The technology is already here. At a 2014 security conference in Miami, Florida, self-described “professional hacker” Cesar Cerrudo revealed that he had discovered a security loophole in widely used urban traffic-management technology, allowing him to fool vehicle-detection systems into thinking the light needed to change. Through extensive field-testing, Cerrudo found that his technique worked best within 150 feet of an actual intersection, but that more powerful antennas could also be used. Someone could then spam an intersection with imaginary traffic data from a hiding place on a nearby roof—or, as Cerrudo himself demonstrated, “from a drone flying at over 650 feet” above the target. This security flaw designed into the city itself could clearly be used to engineer the perfect getaway. Indeed, burglary crews and organized-crime rings flying drones over a city to reprogram its intersections from above is something we are sure to see, not only in the real world but coming soon to a silver screen near you. The only question is which will come first. “I would be worried about attacks from the sky in the U.S.,” Cerrudo warned.
Spoofing a city’s traffic systems or a driver’s in-car GPS sensors is an equally effective way to engineer new routes across the city.
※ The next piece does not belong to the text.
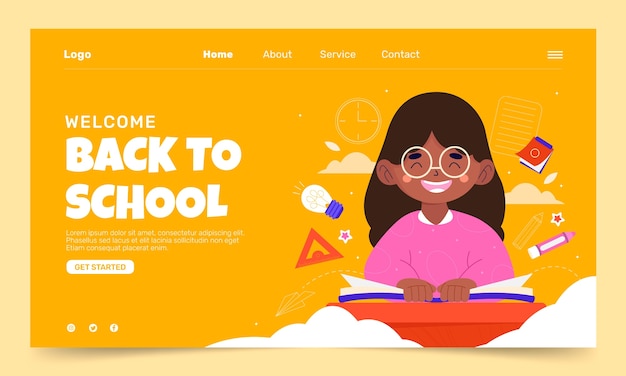 Free vector flat landing page template for back to school season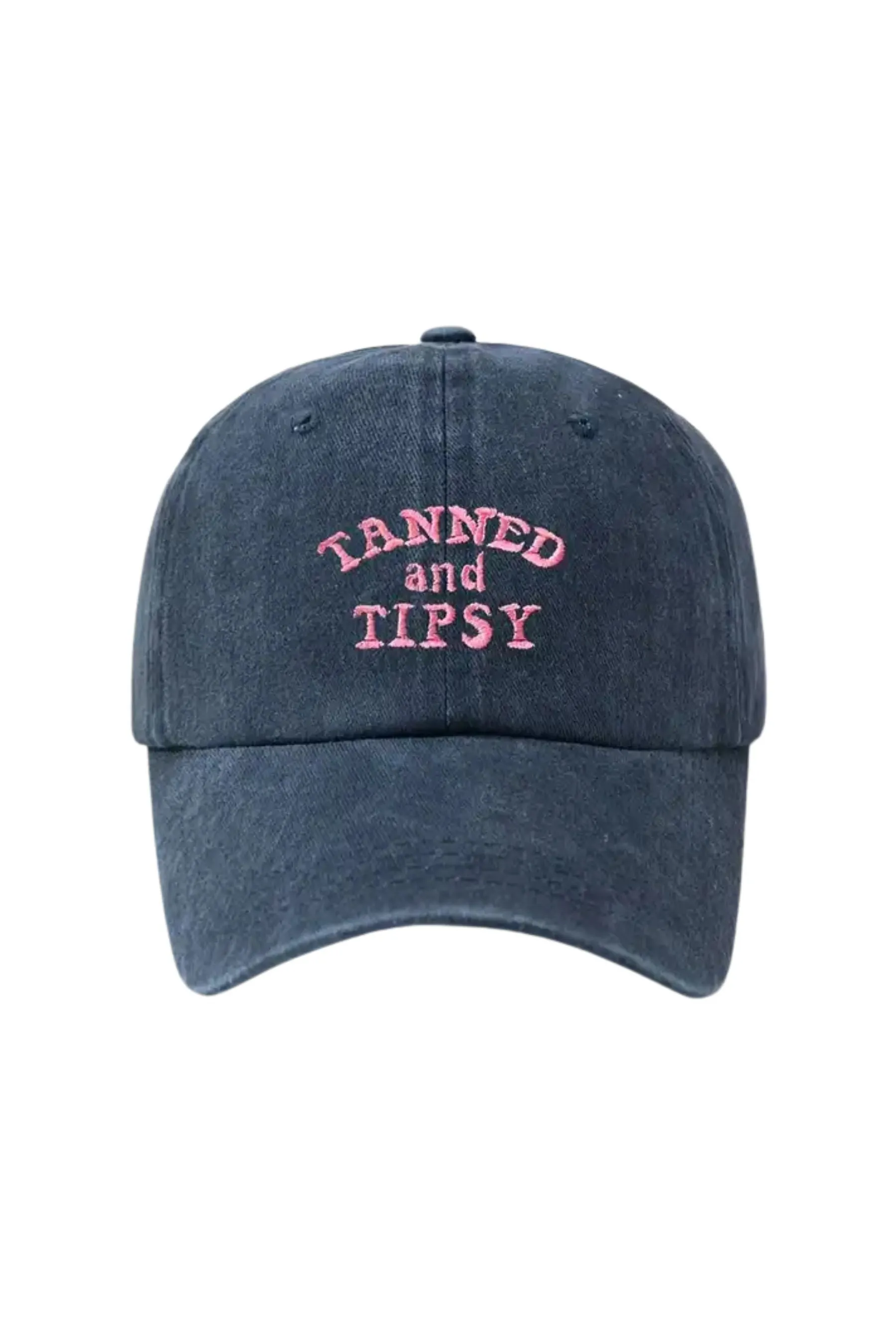 "Tanned & Tipsy" Cap | Washed Navy with Pink Embroidery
This means not just overwhelming nearby GPS receivers with white noise, but, in effect, lying to them, convincing a dashboard navigation unit or smartphone mapping app to tell drivers that they are still heading in the right direction even as they veer wildly off course. In his book
Future Crimes
, author and former futurist-in-residence at the FBI Marc Goodman describes how GPS spoofing could be used to lead a delivery truck, street by street and block by block, to the wrong warehouse, where dozens if not hundreds of valuable boxes could be unloaded directly into the hands of criminals dressed like innocuous office workers. The driver is unlikely to realize the mistake—that the truck’s GPS unit had been taken over by criminals and that he or she just dropped everything off at the wrong address—until the delivery company is flooded with complaints about missing packages.